**Your assignment**
What you should give back is every line from the one containing "Philip Lim Long" through the last line of the records below, word for word and without pictures.

**Saved entries**
[Start of section]
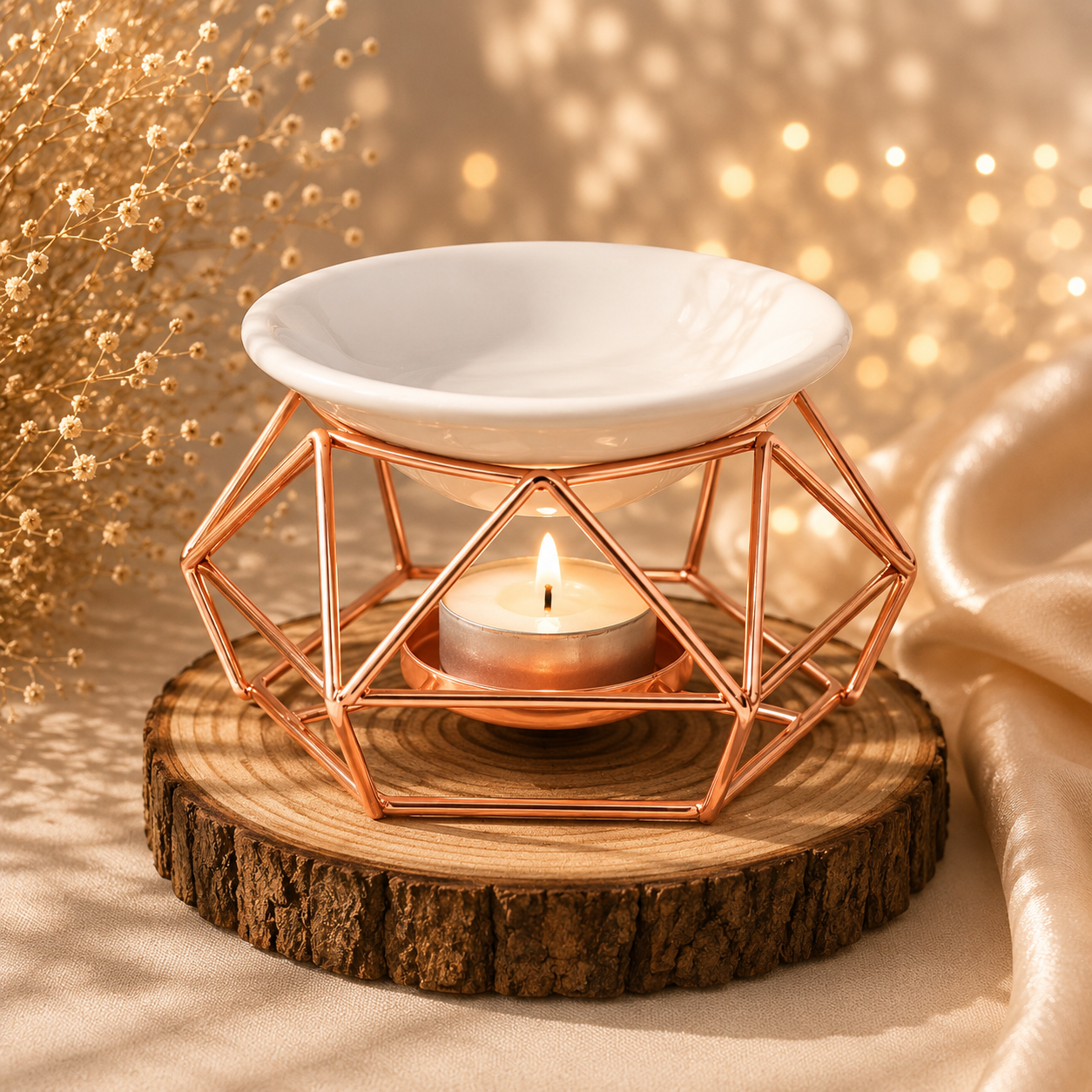 Brûle-Parfum Rose Gold en Métal et Céramique – Diffuseur pour Fondants Parfumés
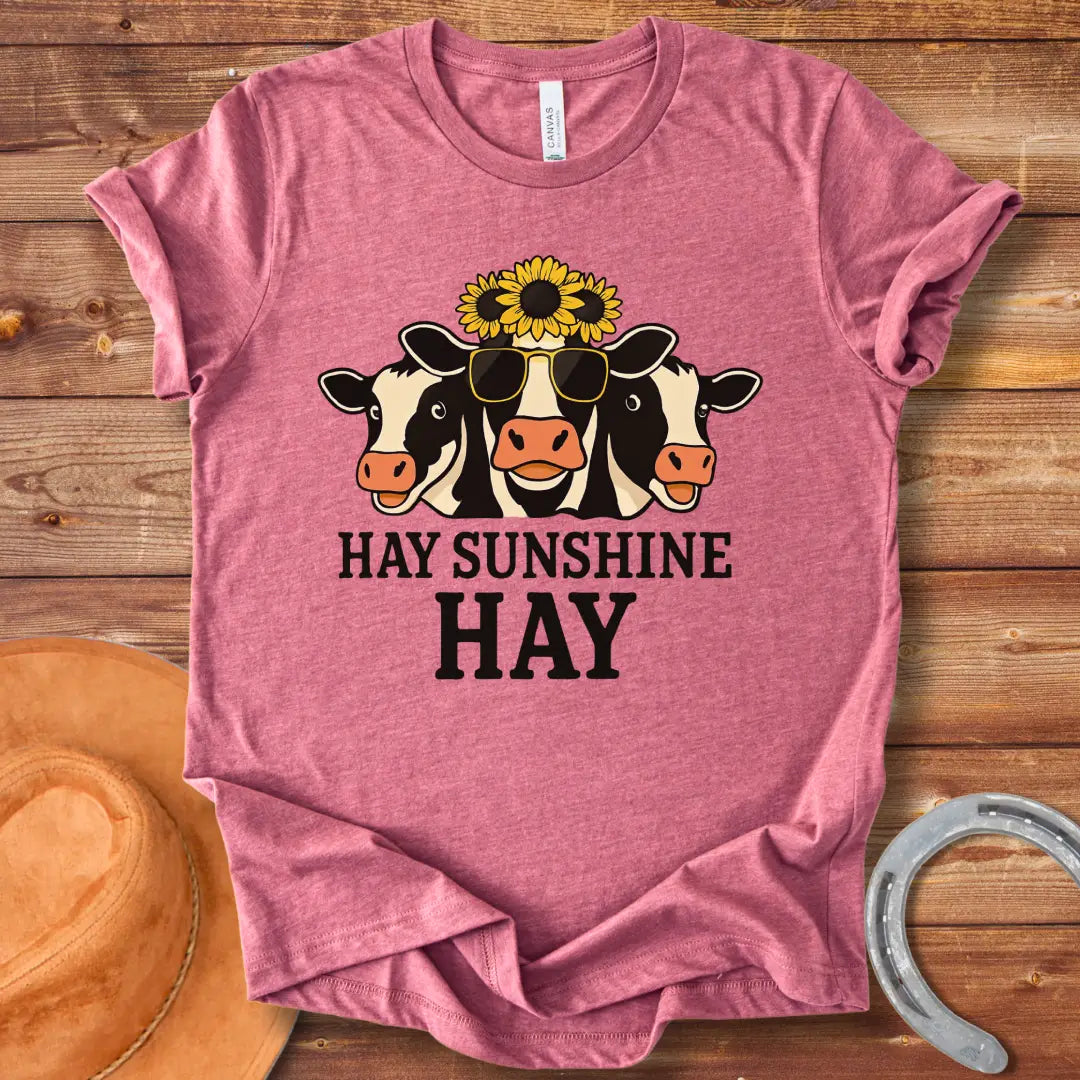 Hay Sunshine Hay T-Shirt featuring three smiling cows, one wearing sunglasses and a sunflower crown.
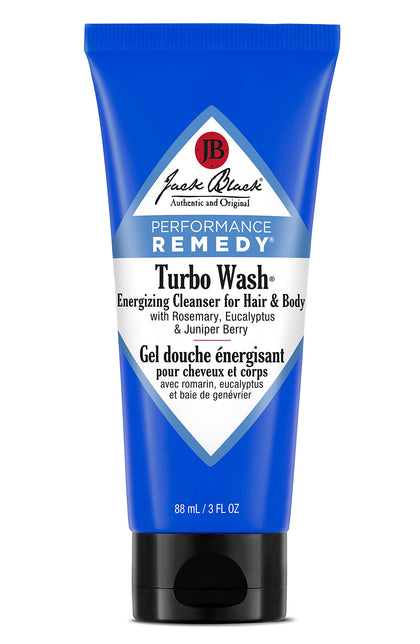 Jack Black Turbo Wash front packaging showing size and branding for travel convenience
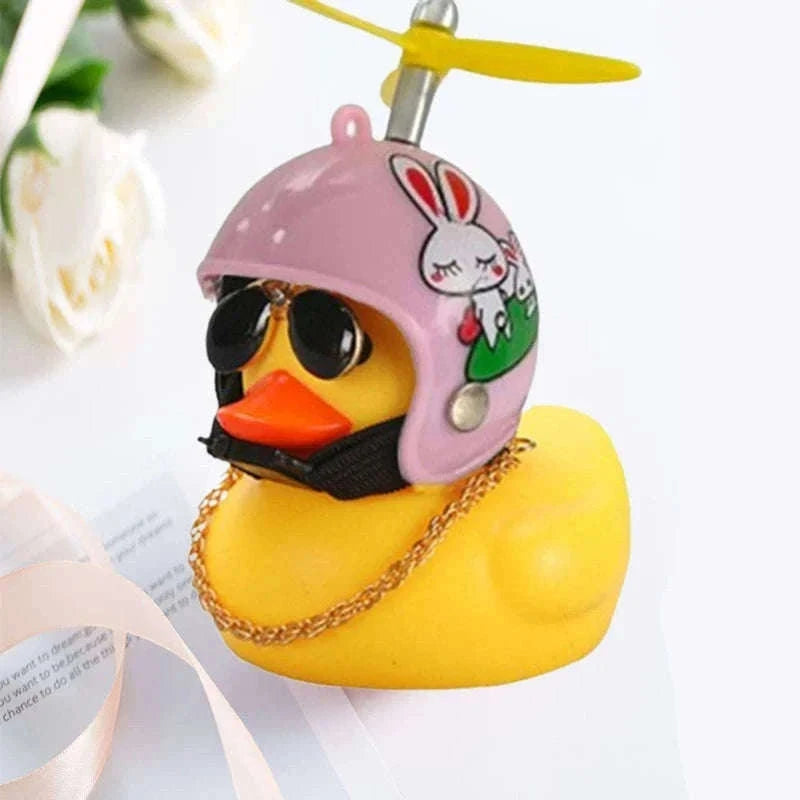 Cute Helmet Duck Car Decoration with Helmet, Propeller, Chain-Type14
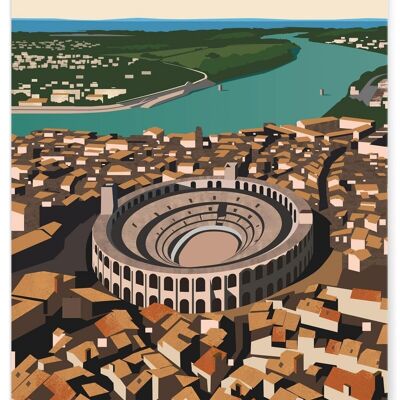 Affiche illustration de la ville d'Arles - 2
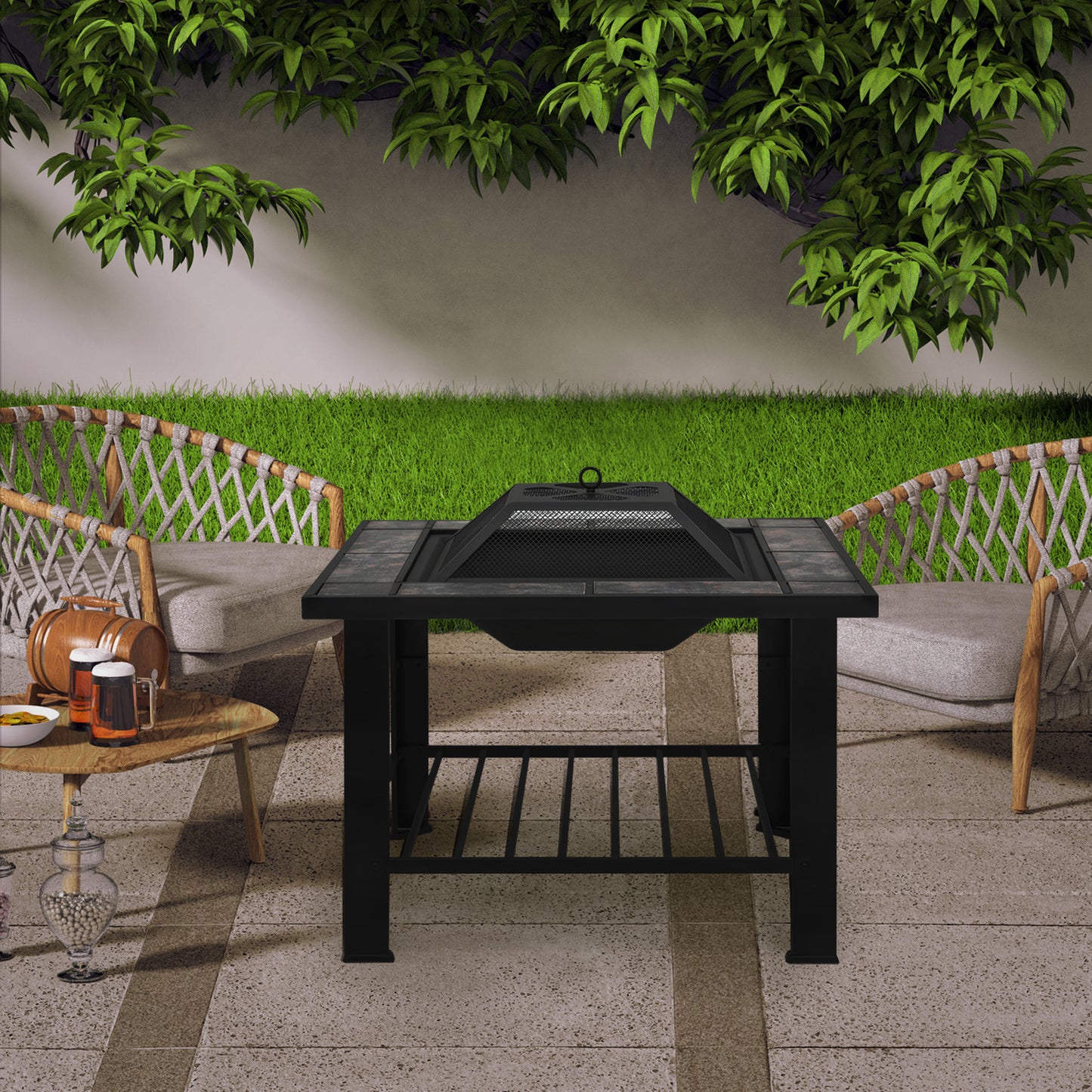 30" Square Fire Pit Table w/Log Grate & Poker & Spark Screen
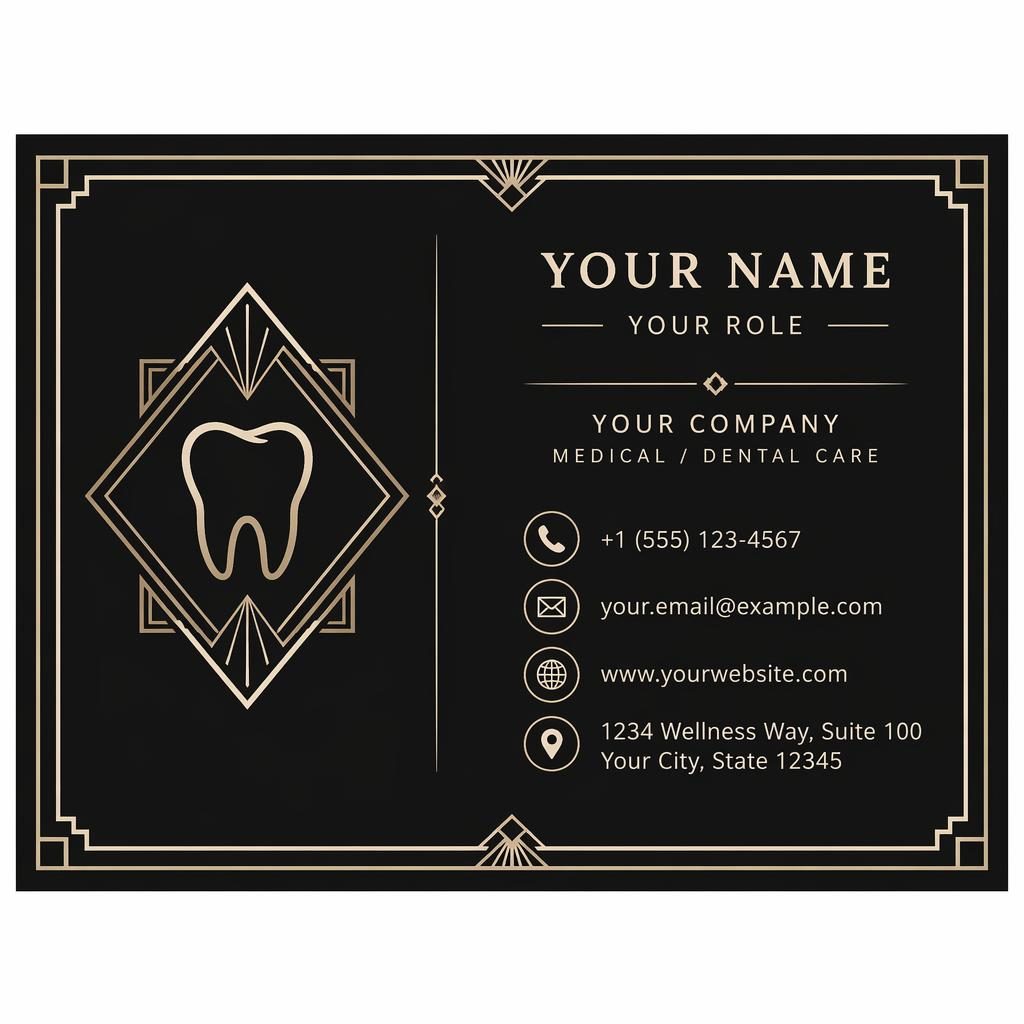 Back view of a monochrome art deco medical business card with sharp placeholder contact details and elegant spacing.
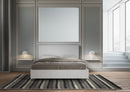 Letto Matrimoniale con Rete e Contenitore Alzata Comoda Struttura Bianco Frassico e Testata in Similpelle Level Bianco Varie Misure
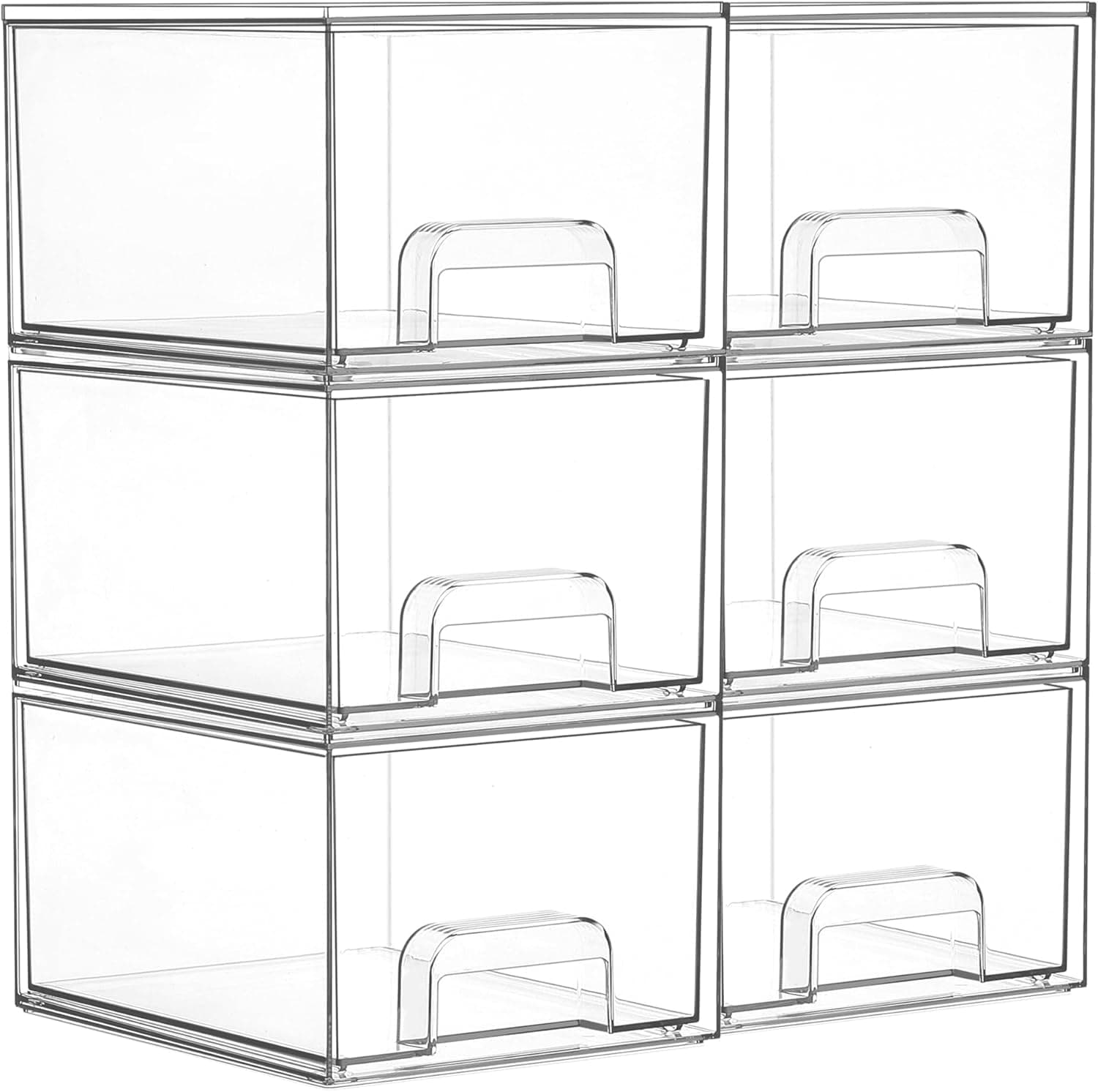 Vtopmart 12.1''W Clear Stackable Storage Drawers,3 Pack Acrylic Plastic Organizers Bins for Makeup Palettes, Cosmetics, and Beauty Supplies,Ideal for Vanity, Bathroom,Cabinet,Desk Organization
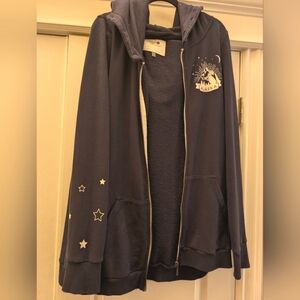 Navy Zip-Up Hoodie with Star Accents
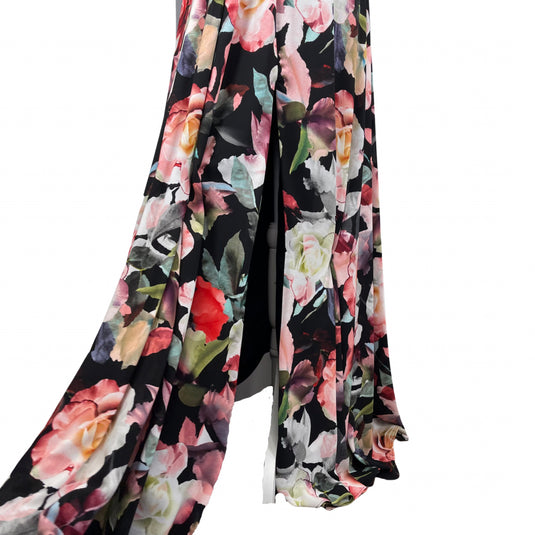 Cache Floor Length Floral Gown on mannequin slit view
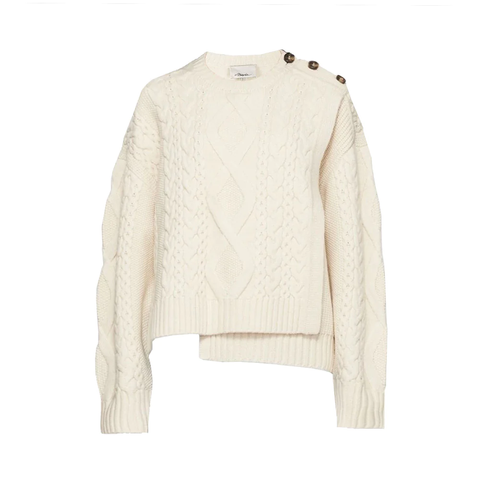 Philip Lim Long Sleeve Wool Nylon Cable Pullover Antique White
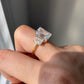 Three Stone 7.10 Ct Emerald Cut Moissanite Engagement Ring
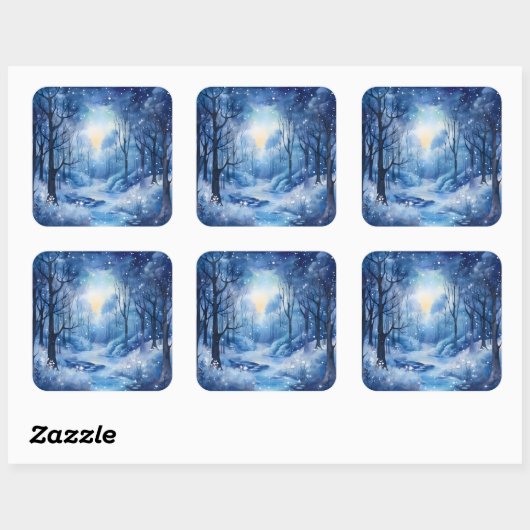 クリスマスブルーツリーズウッズリバー雪のシーン スクエアシール (シート)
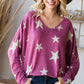Hopely All Stars V-Neck Knit Oversized Top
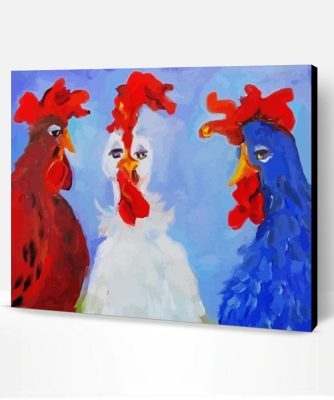 Red White and Blue Chicken Paint By Number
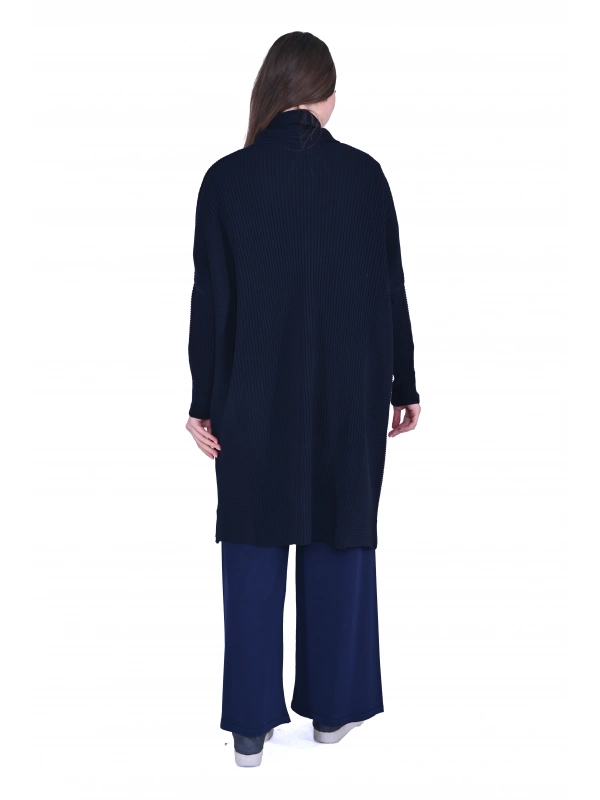 İNVEE 7077 Yün Karışımlı Lacivert Hırka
[End of section]
**Task solution**
 Philip Lim Long Sleeve Wool Nylon Cable Pullover Antique White
 Three Stone 7.10 Ct Emerald Cut Moissanite Engagement Ring
 クリスマスブルーツリーズウッズリバー雪のシーン スクエアシール (シート)
Hopely All Stars V-Neck Knit Oversized Top
 Red White and Blue Chicken Paint By Number
 İNVEE 7077 Yün Karışımlı Lacivert Hırka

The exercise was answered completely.